We were transferred to the children’s ward 'Kelpie'. On our way to the ward, the transferring Operation Officer did not greet or even acknowledge that they were working with a teenager that was in pain and extremely anxious. This is not appropriate.

The nursing team at Kelpie was much friendlier and helpful for my child. They explained what was occurring and what the plan was. They were attentive to my child’s needs.

When we were reviewed by the treating doctors, we encountered difficulties again. I feel that the doctor was rather condescending and was unable to regulate their frustration over the presentation. Whilst I understand as a clinician that patients don’t always follow the rules, I know that I persist with educating and supporting in a regulated manner. If this had been the 10th presentation over a short period of time, I would understand but this was our first time. Having teenagers with Type 1 diabetes is complex and challenging. We have two kids with the autoimmune disease and no matter how hard you try (especially as they transition to better personal agency) sometimes things still go pear-shaped. I understand the doctor’s frustration but that should be something they discuss in supervision, not with us.

We did not like the doctor’s approach at all. We recommended that a review of insulin ratios occur however they were not keen. They appeared to coerce discharge upon us despite our child’s blood glucose levels (BGL) still being quite inexplicably high. Although the risk of harm was not imminent, it is good practice to address the high levels in a juvenile especially since an appointment with the Endocrine Team was not yet established.

The after-hours doctor was also keen to discharge despite our concerns. My spouse and child at this point were feeling unvalued and were keen to go home, not because they felt that everything was ok but because they felt vulnerable and suspected that they were being considered the problem family. I, however, felt that we needed to change the carb ratio to address the high BGLs that we were seeing.

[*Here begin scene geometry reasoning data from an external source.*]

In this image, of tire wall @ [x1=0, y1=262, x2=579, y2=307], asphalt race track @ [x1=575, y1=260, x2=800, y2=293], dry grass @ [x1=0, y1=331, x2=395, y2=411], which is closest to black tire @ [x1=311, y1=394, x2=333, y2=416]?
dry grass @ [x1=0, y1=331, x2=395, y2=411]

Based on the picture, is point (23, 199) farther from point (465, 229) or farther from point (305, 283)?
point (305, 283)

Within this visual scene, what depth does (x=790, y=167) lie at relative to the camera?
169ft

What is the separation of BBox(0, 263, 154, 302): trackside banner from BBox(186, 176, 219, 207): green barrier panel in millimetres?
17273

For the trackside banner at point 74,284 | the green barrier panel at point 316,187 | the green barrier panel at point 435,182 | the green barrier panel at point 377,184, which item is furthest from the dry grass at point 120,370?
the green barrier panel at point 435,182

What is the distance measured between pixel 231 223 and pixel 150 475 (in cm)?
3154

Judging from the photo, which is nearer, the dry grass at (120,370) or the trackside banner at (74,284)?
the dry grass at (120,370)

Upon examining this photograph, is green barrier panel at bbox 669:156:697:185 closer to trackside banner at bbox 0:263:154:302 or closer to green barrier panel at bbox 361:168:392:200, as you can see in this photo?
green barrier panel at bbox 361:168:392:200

The doctor implied that our being nurses should mean that we have a good understanding of the illness and how to help our child. Where ever can a doctor treat their own family? Is the doctor not aware that when one’s emotions are involved the situation changes hence the advice mostly is to get help from designated professionals other than you?Please rest assured that if it was easy all the time we would be doing it. It is not fun trying to raise a family whilst one is in hospital. No family enjoys spending hours in the hospital.

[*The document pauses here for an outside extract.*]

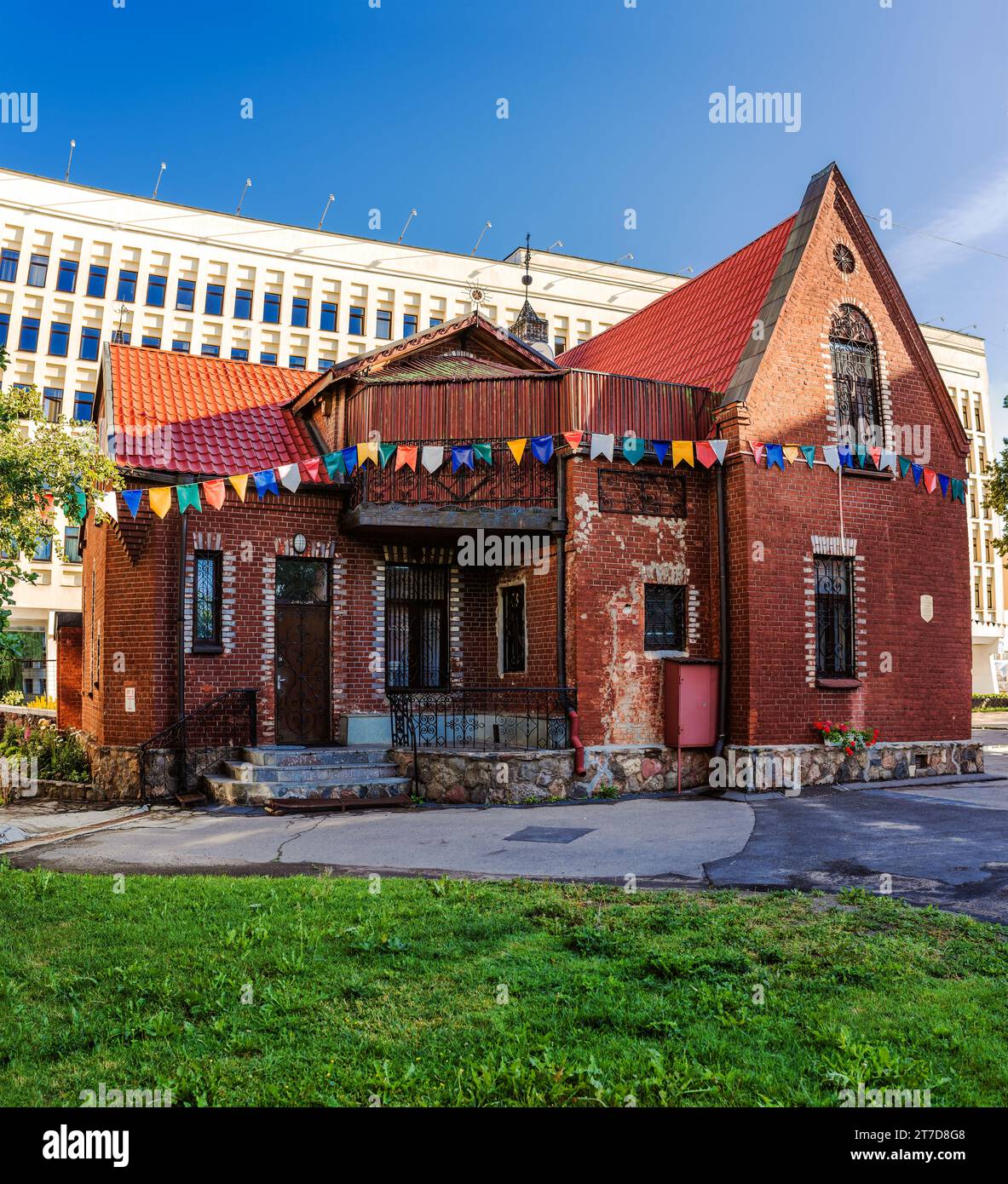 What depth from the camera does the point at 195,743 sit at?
47.7 ft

Throughout advocating for my child, I could see that the team were not specialist endocrine clinicians. I understand and respect this however a simple: I don’t really know as this is not my area of specialty, would have sufficed. Given that we had overted our status as nurses, they ought to have realised that we would understand this. However, there was so much back and forth over the issues, with the treating doctors seeming to have an agenda that did not acknowledge my concerns, whether they agreed with them or not. In the end, we were supported and are thankful for this however it felt superficial in our opinion.

My spouse and I discussed some of these concerns with the shift leader on the Thursday afternoon. The shift leader was very supportive and reassuring and helpful. We did highlight to them however, that we are aware that whatever uncomfortable experience you have with us is vented and debriefed in a supportive environment and that our child is not privy to these supportive and debriefing conversations.

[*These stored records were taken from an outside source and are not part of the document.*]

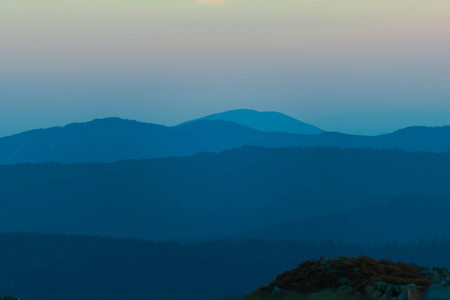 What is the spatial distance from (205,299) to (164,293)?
19.3m

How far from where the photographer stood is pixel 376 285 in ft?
97.1

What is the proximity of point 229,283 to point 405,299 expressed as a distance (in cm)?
17711

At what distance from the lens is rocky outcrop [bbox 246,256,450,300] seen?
2864 centimetres

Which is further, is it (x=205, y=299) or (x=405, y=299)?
(x=205, y=299)

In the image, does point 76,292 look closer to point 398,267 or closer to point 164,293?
point 164,293

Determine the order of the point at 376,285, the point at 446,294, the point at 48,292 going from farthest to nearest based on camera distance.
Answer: the point at 48,292 < the point at 376,285 < the point at 446,294

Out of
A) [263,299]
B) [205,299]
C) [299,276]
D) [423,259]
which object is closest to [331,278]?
[299,276]

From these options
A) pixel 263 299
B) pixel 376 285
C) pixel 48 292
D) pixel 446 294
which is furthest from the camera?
pixel 48 292

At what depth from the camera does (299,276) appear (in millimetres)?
34156

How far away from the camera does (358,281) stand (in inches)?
1243

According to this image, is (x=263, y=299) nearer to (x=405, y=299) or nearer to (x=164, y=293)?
(x=405, y=299)

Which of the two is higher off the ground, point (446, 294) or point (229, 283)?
point (446, 294)

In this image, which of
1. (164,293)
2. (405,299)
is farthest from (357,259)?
(164,293)

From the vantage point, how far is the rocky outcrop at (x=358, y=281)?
94.0ft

We also highlighted that as informed parents we are able to address these issues confidently, but it is disappointing to think what other families with limited insight and that are anxious are being put through. Families requesting help are experts in their lived experience whether clinicians agree or not. It would do the organisation well to remind clinicians of this.

Thankfully we have had very good experiences with the Endocrine Team at other hospitals. RCH has partly disappointed, however at least it will not define what healthcare is offered in Australia or Melbourne. We had some really professional clinicians work with our child and for this, we are thankful and rightfully acknowledge.